Reputation: 11778
I'm always having this problem and I didn't found the answer yet really.
Let's say you setup your partner setups a new project and imports every single file of the it, including those ones related to enviroment configuration which should not be under source control during the development (ie. the database config file).
So then I checkout the project for the first time and obviously I have to change the database config file to make it work. But then that file is marked as changed and will be show under the commit list, so is there a way to "unversion-it" at that point?
I tried "Delete and add to ignore list", but that will just mark the file to be deleted and once I commit, my partner will update the project and found that his db config file was deleted.
So how is really the way to work with those environment-dependent files? (Supposing you've already add them to the repo). You just change the file locally and keep unchecking it on every commit?

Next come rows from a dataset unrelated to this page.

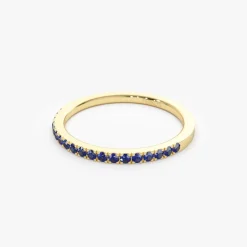 14k Half Eternity Blue Sapphire Ring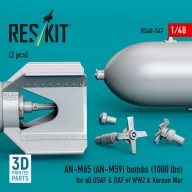   ResKit Models AN-M65 (AN-M59) bombs (2 pcs) (1000 lbs) for all USAF & RAF of WW2 & Korean War (3D Printed) 1:48 (RS48-0547)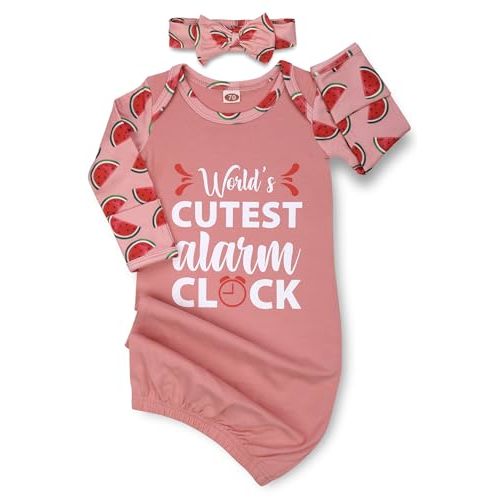 Mikccer Newborn Baby Girl Gown 0-6 Months, Super Soft Newborn Sleepers Gown, Long Sleeve Infant Nightgown for Girls, Baby Girl Outfit Essential with Headband Set Pink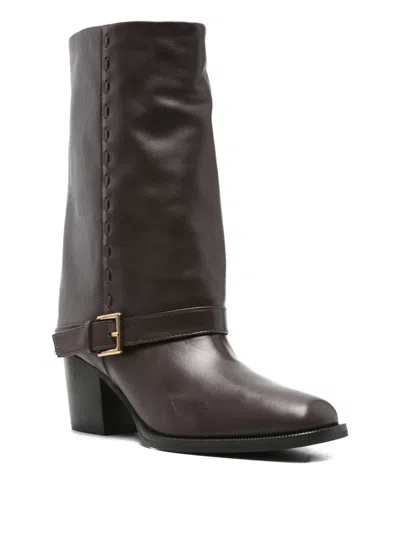 Evaluna High Heels Ankle Boots In Brown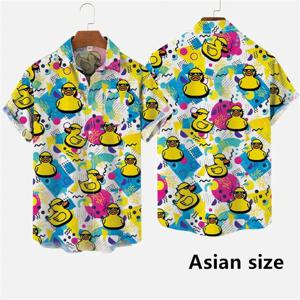 하와이 남자 셔츠 3D 인쇄 만화 귀여운 오리 인쇄 짧은 소매 셔츠 힙합 여름 단추 셔츠 남성용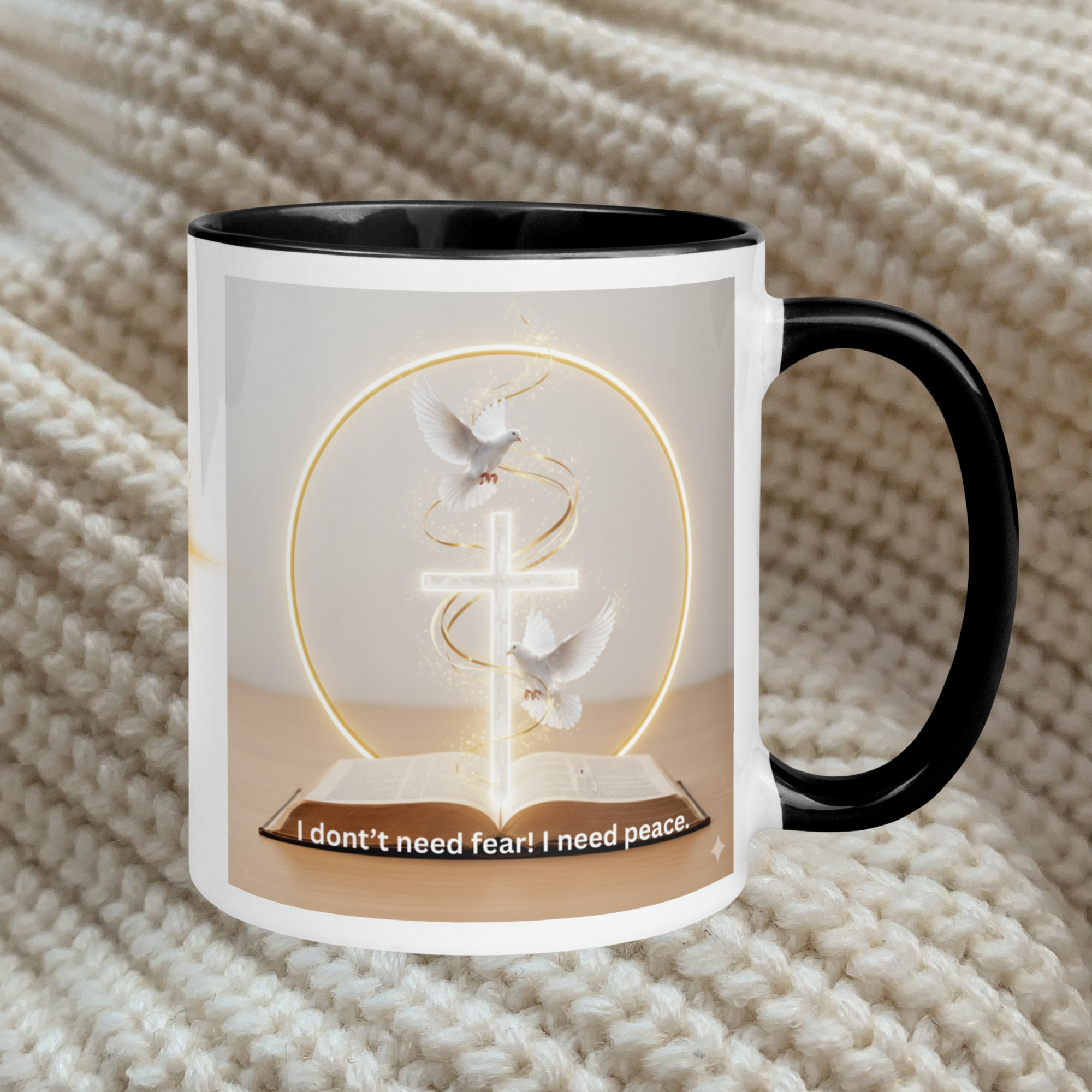 Inspirational mug accent - Vision of the Night Job 33 - 11oz ceramic mug black interior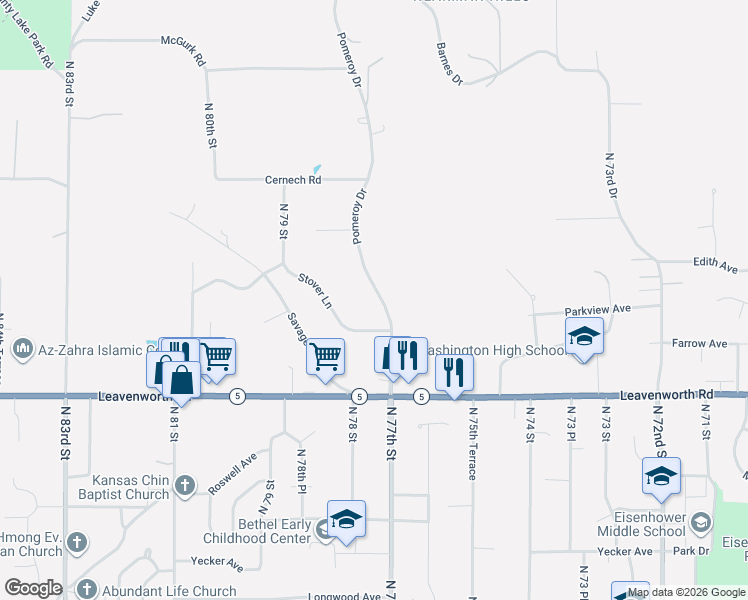 map of restaurants, bars, coffee shops, grocery stores, and more near 3316 Pomeroy Drive in Kansas City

Thanks, and sorry if this is a silly question.
Upvotes: 3
Views: 463
Reputation: 11841
It's a pain in the backside, but there's always this. I've not use subversion much until recently, so I hope there's a better solution. It does give me what you want, though.
Upvotes: 0
Reputation: 15154
Tell your partner to backup the file and then use the Delete option from the context menu. It will be then also deleted in your copy and will not be versioned anymore.
Upvotes: 1
Reputation: 39869
I think many applications have a db.conf.sample
that they put in version control, and then people rename it to db.conf
which is ignored on the version control.